In the story, a space ship brings a missionary and skeptical crew members to an alien planet; they get to understand unexpected features of the inhabitants' lives.

==Story summary==
The space ship of a missionary society has landed on a planet, and the Reverend Winton is preaching to the natives, by means of a translator machine. Henderson, who is the navigator and chief engineer, and Charlie, the junior engineer, are scornful. Henderson thinks it is dangerous to interfere with the inhabitants, and that the machine does not yet know their language. The natives regard the box (the translator), which says a few disjointed words in their language, with curiosity.

To improve the translator's understanding of the language, Henderson and Charlie interview the natives, such as Spet, who talks politely to his interviewer, thinking he is the ghost of a relative. Spet later tells Winton, using the improved power of the translator, that when the rains come, young people like himself, in order to become adults, must hang upside down; some die, and the rest become long and thin. (Parts of the story are seen from Spet's point of view; he regards the coming ordeal with calm acceptance.) Winton, appalled, tells Henderson that they should stop the practice, but Henderson, assuming that Winton is always wrong, disagrees. Henderson is shocked when Spet describes the procedure to him.
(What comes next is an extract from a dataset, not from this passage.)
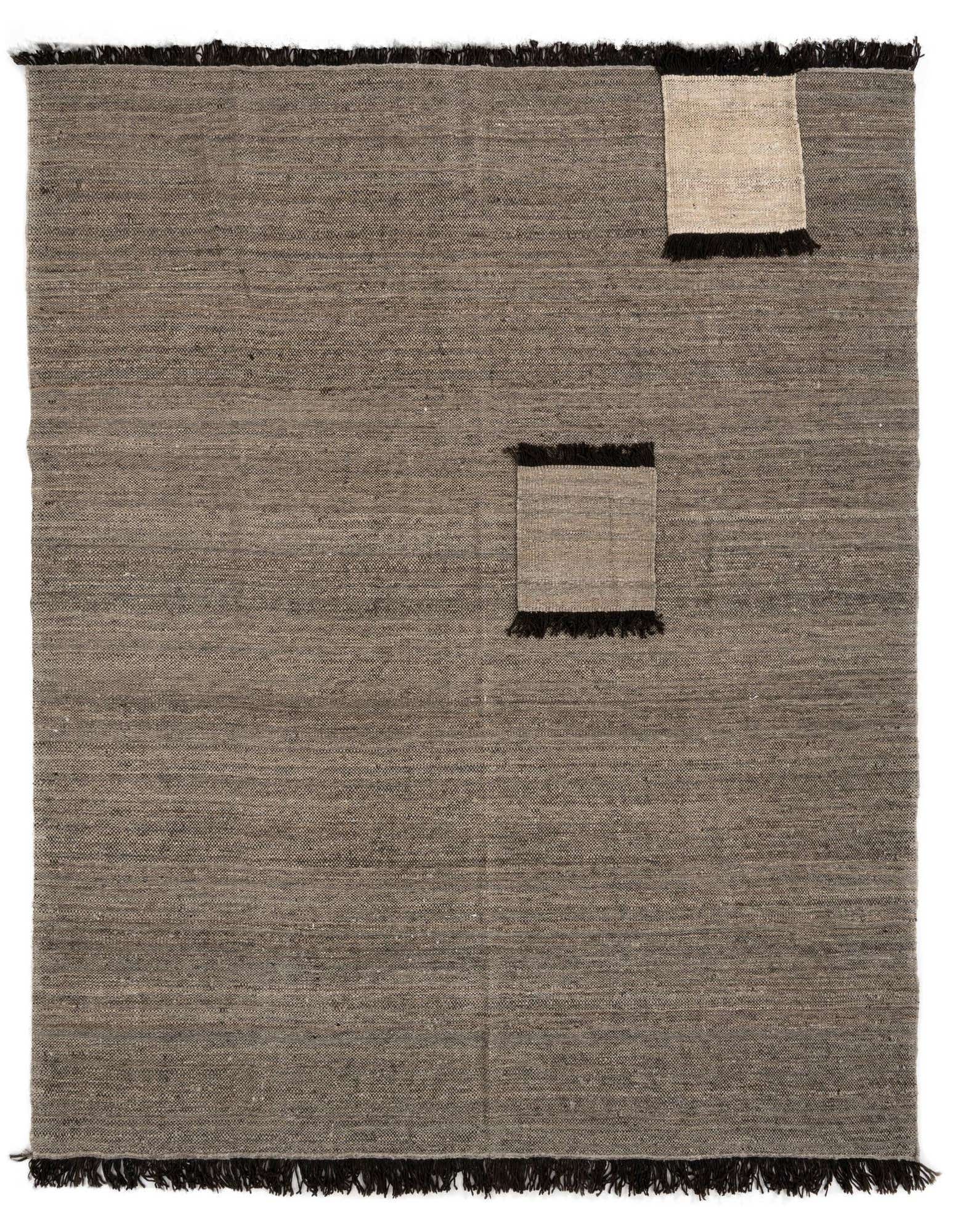 A rectangular 8x10 grey Handweb wool rug with a Persian pattern, featuring two lighter grey patches and dark fringe.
The rains come and Spet has been hung upside down from a tree by the elders. He is cut down by Henderson and Charlie, and is taken to the ship, which is in a riverbed that until now was dry. Near the ramp of the ship. as the water rises, Spet "felt his feet sending roots down into the mud.... As the water rushed into his lungs, the rooted sea-creature that was the forgotten adult stage of Spet's species began its thoughtless pseudo-plant existence...."

==Reception==
In New Maps of Hell: A Survey of Science Fiction (1960), Kingsley Amis commented: "I take this, not too fancifully I hope, as a justifiably horrifying little allegory of what you can do to people when you interfere with them for their own good.... [A] satire on organised religion, such as the story patently is, has its own place."

It was included in the anthology A Century of Science Fiction (1962), editied by Damon Knight; in his introduction to the story, Knight wrote that it is "a subtle interweaving of anthropology, social comment, depth psychology, irony, deadpan humor....What the whole story means is not expressible in a formula or a plot outline: it hits you below the level on which simple declarative sentences are put together".